PSG started brightly, with Mbappé going close early on and Bayern defender Matthijs de Ligt making a terrific goal line clearance late in the first half to deny Vitinha.

But Bayern dominated the second half and, when Choupo-Moting headed home in the 61st minute, the game was up for PSG, with Gnabry applying the coup de grâce.

“At the moment, I’m only talking about this season,” Mbappé told reporters as he batted away questions about his future at PSG.

“Nothing else matters to me. We are disappointed,” the 24-year-old added.

Has the superstar experiment come to a dim end at the Parc des Princes?

When Qatar Sports Investment (QSI) acquired PSG in 2011 and lavished money on bringing some of the world’s most talented players to Paris, a Champions League title seemed inevitable.

But 12 years on and well over a billion dollars spent later, the club is no closer to achieving the success that it craves.

After years of dominating Ligue 1 but failing to break past the quarterfinal stage of the Champions League, PSG went for broke, breaking the world transfer record, to bring in Neymar from FC Barcelona for $263 million.

The following season, the Brazilian international was joined by Mbappé for $214 million.

Another two seasons of round of 16 disappointment followed before the club finally smashed through the glass ceiling in 2020 to reach its first Champions League final.

However, a narrow loss to now familiar foe Bayern in Lisbon’s Estádio da Luz, where the final was staged, was then followed by a semifinal exit at the hands of Pep Guardiola’s Manchester City.

QSI doubled down by signing Messi and also Sergio Ramos — one of the Champions League’s most successful players of all time.

That strategy hasn’t worked as PSG were knocked out in the round of 16 last year by a Karim Benzema-inspired Real Madrid and this season by a functional, if not inspiring, Bayern.
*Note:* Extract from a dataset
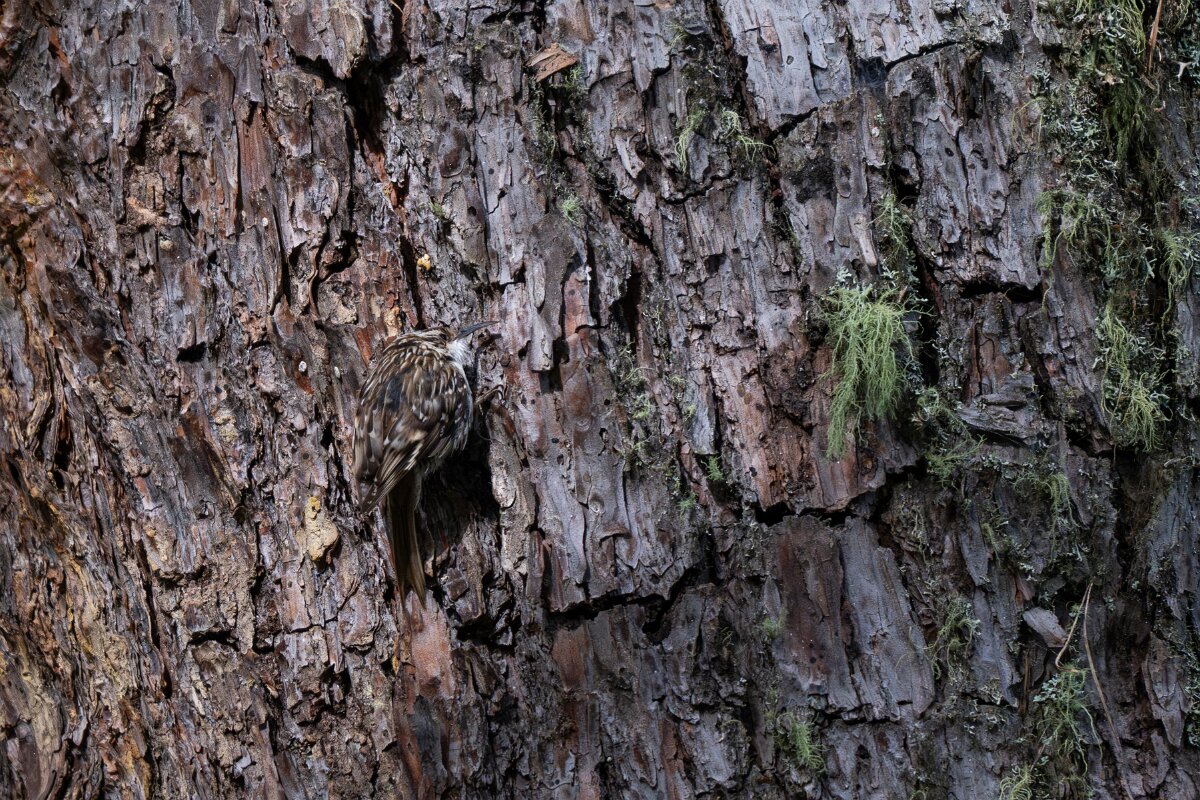 DPPhotography - Extremadura - Short-toed snake eagle - F.jpg - Short-toed treecreeper - Parador de Gredos, Castilla y León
With Messi and Ramos both soon out of contract and Neymar’s continuing injury problems, whether this trio of stars will remain at PSG remains to be seen.

Last summer, the club did appear to pivot somewhat from its galacticos policy, recruiting the likes of Fabián Ruiz, Vitinha and Nuno Mendes to provide more discipline and running in the side.

The relatively unheralded but domestically successful Christophe Galtier was also recruited as coach, but his future now looks in doubt after defeat by Bayern.

So QSI and PSG president Nasser Al-Khelaifi find themselves at yet another crossroads.

Qatar has now accomplished what many thought the purchase of the club was all about: growing the sporting profile of the tiny Gulf state ahead of the 2022 World Cup.

With a now lessening need to bring eyeballs and star power to the club, will the club perhaps place its faith in the tremendous pool of talent that exists in Paris and its suburbs and build a more coherent team? Or will it continue to pursue the game’s biggest names?

What must be tough to take for the PSG hierarchy is that two of its former players — Kingsley Coman and Choupo-Moting — scored two of the three goals for Bayern across the the two legs this season.

“I don’t know if it’s a lesson to be learned, but there’s a lot of frustration,” said Gaultier after the match.